Hundreds of tiles and nearly a decade of SDA history was lost when senior court was torn down to make room for the new science and math building. Luong hoped to give back to those students who lost their mark on the campus and let them paint a new set of tile that would serve to help give life to the new building that she viewed as an uglier replacement for senior court.
Her event started as mainly targeting the classes whose senior tiles were lost during the construction, mainly 2006-2010; however the event ended up seeing a much larger turnout with students as far back as the 70s and more recent alums bringing their young kids who they hoped one day would attend the same school as them. Luong wanted to create a physical representation of SDA and its prolonged and lasting effects on its students, a current, from the past to know.
The idea came to her while reading one of the books from the Percy Jackson series: “I came across the part about the river Lethe, that when you drink it you are reborn and your memories are wiped away and I thought that could be a really cool image if we did a river of memories but since it’s embedded into the wall it could never be forgotten.” The tiles will take the shape of a river representing a common current between the past alumni and the students of today.
Speaking to some of the alumni who were painting they’re new tiles, it quickly becomes apparent how impossible it could be to ever forget SDA and its effect it has on its students. One of the students from the very first graduating class of the Academy in 2000, Steve Straw, proudly reminisced about being the first student ever suspended from the Academy and switching places with the principal as a reward for a school fundraiser.

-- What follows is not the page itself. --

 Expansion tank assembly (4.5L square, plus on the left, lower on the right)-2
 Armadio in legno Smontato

As I spoke with him about his memories of this school and his four years here it was obvious the profound affect this place had on him. Even now nearly 20 years on, his eyes lit up with a youthful joy when he spoke about his memories of his time here at SDA. Yet despite his fond memories he still wouldn’t want to relive those days. “The four years I had here where the best of my life, they made me who I am today, yet, I would never want to redo them.”

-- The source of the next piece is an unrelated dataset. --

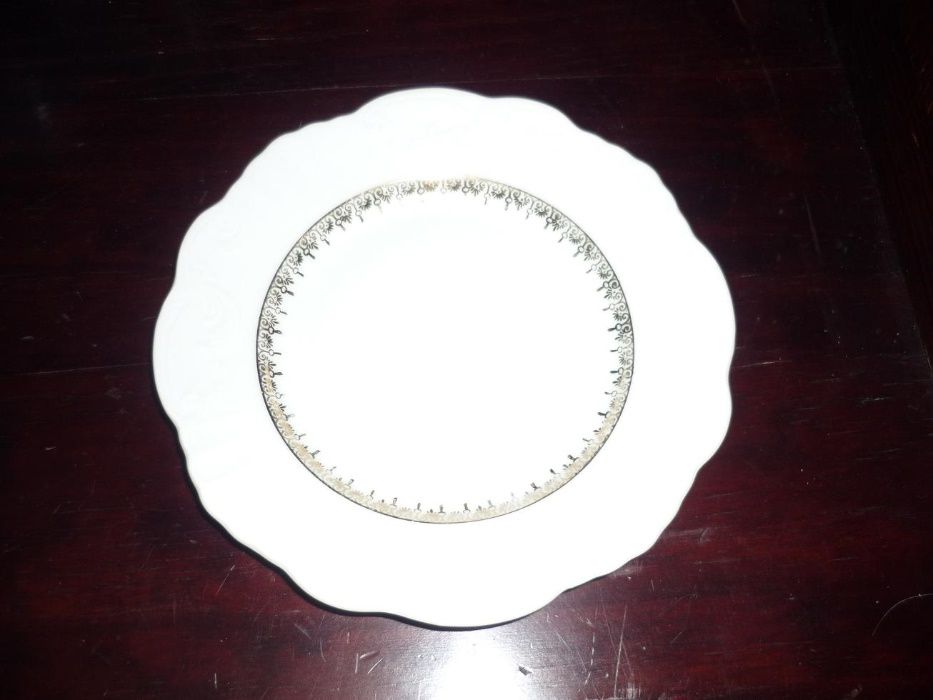 Serviço ou conjunto de loiça porcelana Vista Alegre anos 60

That seemed to be a common thread amongst all the alums I spoke to. That SDA had truly become an extremely impactful part of their life. For Gidgett Sschultz, class of 2007, SDA was the school where “the artsy kids were allowed to be cool.”
There did seem to be one common theme about the memories of the alums time here: it was the teachers. For Straw it was memories of Tim Roberts’s freshman English class where he would play an MTV recording of the Beastie Boys singing “Sabotage” and analyzing the lyrics as if it were a Shakespearean sonnet.
For Schultz it was memories of doing a synchronized dance routine to “Me and My Shadow” with Bryan Scott, a now retired history teacher. SDA spirit comes from “teachers who actually care about their students and are passionate about their jobs,” Schultz said.
When I asked Schultz’s table, all 2007 graduates, if the teachers were the heart of soul of the SDA environment, I was met with a unanimous “yes” and a chorus of “definitely.” Every alumni I talked to shared that theme that the teachers are what make SDA, that their time and dedication are what keeps the spirit, the current, of SDA always fresh and always flowing upstream.
Luong set out to create a tangible representation of SDA culture, a stream that connects our past with our present, an ever-changing student body that has one thing it can rely on: passionate and inspiring teachers. Yet, she created something much greater than that. She not only managed to create a beautiful physical representation of the SDA culture and history, she managed to also create a link between past and future members of our school.
Reminiscing on my own four years and my fears for the future of SDA, I can’t help but be comforted by the words of Schultz, the bubbly, still passionate, San Dieguito alumna who graduated nearly a decade ago: “Enjoy and savor every moment. There is no other place in the world like this. Still 10 years on I still feel like here is my home.”
That is what makes SDA so special, that there is nowhere else in the world quite like it.